Le pompier a des contraintes professionnelles peu adaptés à la vie de couple et à fortiori familiale. Je me suis laissé dire que la fonction du bal des pompiers est qu'il rencontre l'amour, idéalement en la personne d'une infirmière au planning aussi peu commode que le sien.
Nous allons assister à un bal où le sniper rencontre sa snipette, aussi socialement inadaptée et culpabilisée que lui. Après tout, malgré leur virtuosité, ils ne sont que des assassins planqués. D'où une longue partie dédiée à la romance entre ces cas sociaux. A ce sujet, arrivant à un âge où je suis un peu lassé de visionner des coïts, j'ai été très agréablement surpris par la scène érotique délicieusement et humoristiquement floutée.
Romance ? Pourtant, c'est un film d'espionnage ou plutôt de science-fiction. Non, fantastique et même d'horreur. Non ?
Et bien on passe de l'un à l'autre.
Ce film, s'il était sorti dans les années 80, aurait ravi les tenants du post-modernisme y discernant des citations stylistiques, un cut-up courageux et avant-garde entre genres demandant un effort d'adaptation au public. Aujourd'hui c'est mainstream et juste assez surprenant pour aiguiser la curiosité. Un peu comme un nouveau cocktail.
En fait, c'est pas mal du tout. J'ai juste été déçu par quelques aspects.
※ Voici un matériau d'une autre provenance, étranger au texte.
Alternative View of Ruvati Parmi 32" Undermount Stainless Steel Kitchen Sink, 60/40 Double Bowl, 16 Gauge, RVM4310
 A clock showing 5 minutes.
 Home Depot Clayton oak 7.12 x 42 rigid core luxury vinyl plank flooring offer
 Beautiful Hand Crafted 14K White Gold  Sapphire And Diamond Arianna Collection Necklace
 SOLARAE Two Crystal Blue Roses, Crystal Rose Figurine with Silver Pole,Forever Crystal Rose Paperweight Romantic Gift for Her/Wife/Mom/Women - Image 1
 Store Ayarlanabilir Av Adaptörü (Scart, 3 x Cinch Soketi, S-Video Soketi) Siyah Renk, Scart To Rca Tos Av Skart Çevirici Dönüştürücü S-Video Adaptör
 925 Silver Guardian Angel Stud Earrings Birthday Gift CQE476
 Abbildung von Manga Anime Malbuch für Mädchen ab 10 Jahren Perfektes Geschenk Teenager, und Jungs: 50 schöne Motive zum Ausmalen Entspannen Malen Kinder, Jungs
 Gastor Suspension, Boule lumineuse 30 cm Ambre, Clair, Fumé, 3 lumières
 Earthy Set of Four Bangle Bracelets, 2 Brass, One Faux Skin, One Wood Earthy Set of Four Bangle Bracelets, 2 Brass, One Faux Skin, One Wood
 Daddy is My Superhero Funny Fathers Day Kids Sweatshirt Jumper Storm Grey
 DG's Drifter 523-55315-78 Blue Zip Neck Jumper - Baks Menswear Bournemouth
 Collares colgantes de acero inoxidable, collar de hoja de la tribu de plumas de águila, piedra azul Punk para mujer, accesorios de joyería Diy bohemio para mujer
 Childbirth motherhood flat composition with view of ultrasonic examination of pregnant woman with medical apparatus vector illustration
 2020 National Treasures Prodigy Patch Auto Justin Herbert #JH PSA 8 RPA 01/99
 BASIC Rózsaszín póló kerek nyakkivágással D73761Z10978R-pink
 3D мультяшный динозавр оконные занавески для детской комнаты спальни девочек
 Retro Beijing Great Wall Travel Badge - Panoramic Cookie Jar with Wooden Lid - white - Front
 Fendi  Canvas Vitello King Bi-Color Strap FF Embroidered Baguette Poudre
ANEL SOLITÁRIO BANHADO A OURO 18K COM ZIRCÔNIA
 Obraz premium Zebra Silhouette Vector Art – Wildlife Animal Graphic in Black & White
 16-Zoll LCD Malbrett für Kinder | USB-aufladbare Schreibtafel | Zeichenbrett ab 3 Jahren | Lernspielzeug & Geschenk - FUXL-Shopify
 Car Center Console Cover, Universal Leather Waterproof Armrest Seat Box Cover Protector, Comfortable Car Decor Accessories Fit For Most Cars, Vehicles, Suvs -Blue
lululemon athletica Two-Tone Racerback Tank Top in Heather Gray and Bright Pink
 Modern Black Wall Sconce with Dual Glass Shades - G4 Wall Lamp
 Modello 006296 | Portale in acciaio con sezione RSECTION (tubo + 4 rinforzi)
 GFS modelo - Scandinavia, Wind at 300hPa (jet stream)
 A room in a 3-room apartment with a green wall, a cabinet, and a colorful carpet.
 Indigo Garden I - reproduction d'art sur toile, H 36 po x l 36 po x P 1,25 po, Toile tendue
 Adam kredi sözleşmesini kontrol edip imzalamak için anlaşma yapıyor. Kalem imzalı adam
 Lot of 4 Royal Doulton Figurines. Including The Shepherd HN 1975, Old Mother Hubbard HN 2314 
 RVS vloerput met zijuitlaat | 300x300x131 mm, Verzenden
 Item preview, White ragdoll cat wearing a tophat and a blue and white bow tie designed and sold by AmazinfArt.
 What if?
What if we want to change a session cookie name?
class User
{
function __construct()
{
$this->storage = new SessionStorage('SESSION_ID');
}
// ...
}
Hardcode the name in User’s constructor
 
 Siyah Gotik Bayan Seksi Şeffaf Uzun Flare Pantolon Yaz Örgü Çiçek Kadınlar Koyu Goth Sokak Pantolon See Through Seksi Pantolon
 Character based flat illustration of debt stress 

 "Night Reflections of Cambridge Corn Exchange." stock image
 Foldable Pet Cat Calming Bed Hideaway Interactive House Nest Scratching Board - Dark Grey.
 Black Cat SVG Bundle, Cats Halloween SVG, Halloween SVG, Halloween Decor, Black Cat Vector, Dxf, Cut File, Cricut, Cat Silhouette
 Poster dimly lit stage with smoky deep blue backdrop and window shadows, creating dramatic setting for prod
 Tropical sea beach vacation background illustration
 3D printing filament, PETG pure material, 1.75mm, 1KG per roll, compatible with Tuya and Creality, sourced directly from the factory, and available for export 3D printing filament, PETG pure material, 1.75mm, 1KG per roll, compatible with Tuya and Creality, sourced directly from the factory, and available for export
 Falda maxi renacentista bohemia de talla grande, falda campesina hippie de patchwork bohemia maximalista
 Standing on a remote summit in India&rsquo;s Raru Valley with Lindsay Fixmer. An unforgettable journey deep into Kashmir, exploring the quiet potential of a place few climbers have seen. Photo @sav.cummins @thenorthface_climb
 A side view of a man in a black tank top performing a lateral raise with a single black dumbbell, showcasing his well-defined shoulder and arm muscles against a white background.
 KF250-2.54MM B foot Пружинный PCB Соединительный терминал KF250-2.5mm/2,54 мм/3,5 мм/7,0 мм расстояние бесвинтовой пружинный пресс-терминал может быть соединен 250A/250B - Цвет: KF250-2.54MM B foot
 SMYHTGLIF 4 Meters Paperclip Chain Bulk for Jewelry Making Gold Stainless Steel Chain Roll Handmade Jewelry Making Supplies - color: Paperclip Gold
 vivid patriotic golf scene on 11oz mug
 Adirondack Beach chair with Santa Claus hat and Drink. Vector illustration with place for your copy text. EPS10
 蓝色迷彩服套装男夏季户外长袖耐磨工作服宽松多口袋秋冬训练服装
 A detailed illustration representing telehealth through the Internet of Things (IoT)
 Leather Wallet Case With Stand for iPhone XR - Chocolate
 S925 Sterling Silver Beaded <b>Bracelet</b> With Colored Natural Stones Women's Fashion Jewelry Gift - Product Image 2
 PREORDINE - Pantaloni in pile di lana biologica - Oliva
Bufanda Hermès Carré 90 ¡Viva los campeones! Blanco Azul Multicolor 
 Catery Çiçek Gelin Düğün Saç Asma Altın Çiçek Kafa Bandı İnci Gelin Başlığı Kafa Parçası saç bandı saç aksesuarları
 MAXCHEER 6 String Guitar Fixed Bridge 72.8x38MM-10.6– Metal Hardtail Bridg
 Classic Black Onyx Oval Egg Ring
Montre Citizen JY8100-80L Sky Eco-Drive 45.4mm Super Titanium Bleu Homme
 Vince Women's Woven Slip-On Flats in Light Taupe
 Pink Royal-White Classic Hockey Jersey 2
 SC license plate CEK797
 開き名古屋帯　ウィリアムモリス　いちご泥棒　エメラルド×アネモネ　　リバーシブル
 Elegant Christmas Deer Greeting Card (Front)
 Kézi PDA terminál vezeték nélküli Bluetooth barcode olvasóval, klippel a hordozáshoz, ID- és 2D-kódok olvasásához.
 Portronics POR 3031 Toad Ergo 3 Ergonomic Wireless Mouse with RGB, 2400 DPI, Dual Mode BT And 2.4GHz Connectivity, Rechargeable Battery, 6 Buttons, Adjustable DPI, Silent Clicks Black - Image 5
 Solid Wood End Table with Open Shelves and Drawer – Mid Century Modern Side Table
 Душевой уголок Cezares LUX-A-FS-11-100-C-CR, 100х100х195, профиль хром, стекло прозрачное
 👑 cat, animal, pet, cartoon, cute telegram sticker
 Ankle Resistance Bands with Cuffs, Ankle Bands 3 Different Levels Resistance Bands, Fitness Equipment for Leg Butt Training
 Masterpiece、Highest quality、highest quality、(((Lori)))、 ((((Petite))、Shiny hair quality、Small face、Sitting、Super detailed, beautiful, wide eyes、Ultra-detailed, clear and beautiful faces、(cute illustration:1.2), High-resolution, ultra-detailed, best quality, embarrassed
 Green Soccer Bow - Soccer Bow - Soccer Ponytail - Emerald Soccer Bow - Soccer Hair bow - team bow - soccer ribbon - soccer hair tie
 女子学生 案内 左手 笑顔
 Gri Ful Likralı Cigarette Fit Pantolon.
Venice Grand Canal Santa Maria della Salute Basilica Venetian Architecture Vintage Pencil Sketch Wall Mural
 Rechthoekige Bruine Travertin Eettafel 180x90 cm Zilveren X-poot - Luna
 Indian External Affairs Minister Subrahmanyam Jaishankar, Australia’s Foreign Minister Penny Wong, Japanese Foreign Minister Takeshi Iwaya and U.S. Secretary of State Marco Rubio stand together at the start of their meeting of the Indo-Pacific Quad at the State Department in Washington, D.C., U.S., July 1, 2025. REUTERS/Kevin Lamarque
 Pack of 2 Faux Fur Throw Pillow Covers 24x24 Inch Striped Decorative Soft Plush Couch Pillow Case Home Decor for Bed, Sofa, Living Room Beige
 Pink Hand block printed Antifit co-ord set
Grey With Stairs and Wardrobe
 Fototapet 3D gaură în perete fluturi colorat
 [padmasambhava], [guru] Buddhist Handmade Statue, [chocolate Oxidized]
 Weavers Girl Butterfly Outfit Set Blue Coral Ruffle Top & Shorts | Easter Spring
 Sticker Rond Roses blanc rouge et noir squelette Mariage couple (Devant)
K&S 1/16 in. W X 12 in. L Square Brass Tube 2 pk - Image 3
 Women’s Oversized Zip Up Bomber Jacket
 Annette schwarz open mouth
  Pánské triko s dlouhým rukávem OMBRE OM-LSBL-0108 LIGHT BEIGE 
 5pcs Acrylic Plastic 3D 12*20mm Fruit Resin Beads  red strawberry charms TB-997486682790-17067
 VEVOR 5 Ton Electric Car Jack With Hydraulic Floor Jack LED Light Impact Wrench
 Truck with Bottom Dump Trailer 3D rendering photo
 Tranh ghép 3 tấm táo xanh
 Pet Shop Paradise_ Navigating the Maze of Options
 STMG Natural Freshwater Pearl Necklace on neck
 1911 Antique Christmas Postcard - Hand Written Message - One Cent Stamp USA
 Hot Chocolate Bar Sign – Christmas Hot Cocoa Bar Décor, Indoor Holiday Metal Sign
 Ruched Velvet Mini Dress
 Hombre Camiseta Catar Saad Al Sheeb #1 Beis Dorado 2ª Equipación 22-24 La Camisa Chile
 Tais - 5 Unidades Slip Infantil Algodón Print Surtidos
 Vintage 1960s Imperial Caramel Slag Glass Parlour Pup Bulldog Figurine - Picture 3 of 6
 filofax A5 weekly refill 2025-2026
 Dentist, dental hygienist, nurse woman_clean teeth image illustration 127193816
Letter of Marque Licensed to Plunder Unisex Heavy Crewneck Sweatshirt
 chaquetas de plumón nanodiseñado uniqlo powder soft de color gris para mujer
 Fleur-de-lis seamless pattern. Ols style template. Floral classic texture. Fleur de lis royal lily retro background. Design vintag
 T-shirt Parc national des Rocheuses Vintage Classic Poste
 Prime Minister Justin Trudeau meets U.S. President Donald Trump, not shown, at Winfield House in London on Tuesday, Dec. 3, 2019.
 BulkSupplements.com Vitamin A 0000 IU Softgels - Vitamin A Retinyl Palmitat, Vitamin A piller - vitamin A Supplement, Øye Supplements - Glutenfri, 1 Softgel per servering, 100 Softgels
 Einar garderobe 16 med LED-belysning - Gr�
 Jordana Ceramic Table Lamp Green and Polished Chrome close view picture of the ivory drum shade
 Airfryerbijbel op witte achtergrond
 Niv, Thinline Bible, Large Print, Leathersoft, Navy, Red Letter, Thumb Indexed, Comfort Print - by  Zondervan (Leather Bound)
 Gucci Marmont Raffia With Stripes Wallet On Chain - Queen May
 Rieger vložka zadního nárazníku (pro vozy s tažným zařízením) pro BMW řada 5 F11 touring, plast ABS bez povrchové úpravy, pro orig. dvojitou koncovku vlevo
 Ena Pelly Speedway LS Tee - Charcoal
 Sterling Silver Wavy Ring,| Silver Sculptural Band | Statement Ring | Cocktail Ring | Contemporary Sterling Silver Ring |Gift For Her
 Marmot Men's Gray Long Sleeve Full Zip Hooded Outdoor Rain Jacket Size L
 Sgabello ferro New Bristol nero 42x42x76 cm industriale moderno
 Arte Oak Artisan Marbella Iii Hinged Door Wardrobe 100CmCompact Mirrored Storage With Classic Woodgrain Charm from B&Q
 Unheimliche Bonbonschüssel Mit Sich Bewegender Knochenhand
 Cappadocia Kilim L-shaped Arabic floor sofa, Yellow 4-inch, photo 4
Si j'abonde dans le sens de plusieurs Sensés sur la qualité de l'univers visuel, de sa gamme de couleurs, de la photographie et des effets spéciaux, je ne les suis pas sur le rendu des Hollow Men. Je vois souvent le cascadeur derrière le déguisement et je ne comprends pas pourquoi un être mi-humain mi-plante a des yeux comme les miens, un comportement de carnassier, fait des roulades et des grimaces et se laisse abattre d'une balle. C'est assez peu inventif.
Je n'ai pas pu m’empêcher d'évoquer un dialogue signé Alain Chabat :
- Mais pourquoi est-il si méchant ?
- Parce que !
Bon, il est vrai que cela a été préparé par une plante carnivore qui a failli avaler notre Levi. Elle avait tout du vagin denté ! Oui, Levi, c'est son prénom, ce n'est pas une paire de jeans.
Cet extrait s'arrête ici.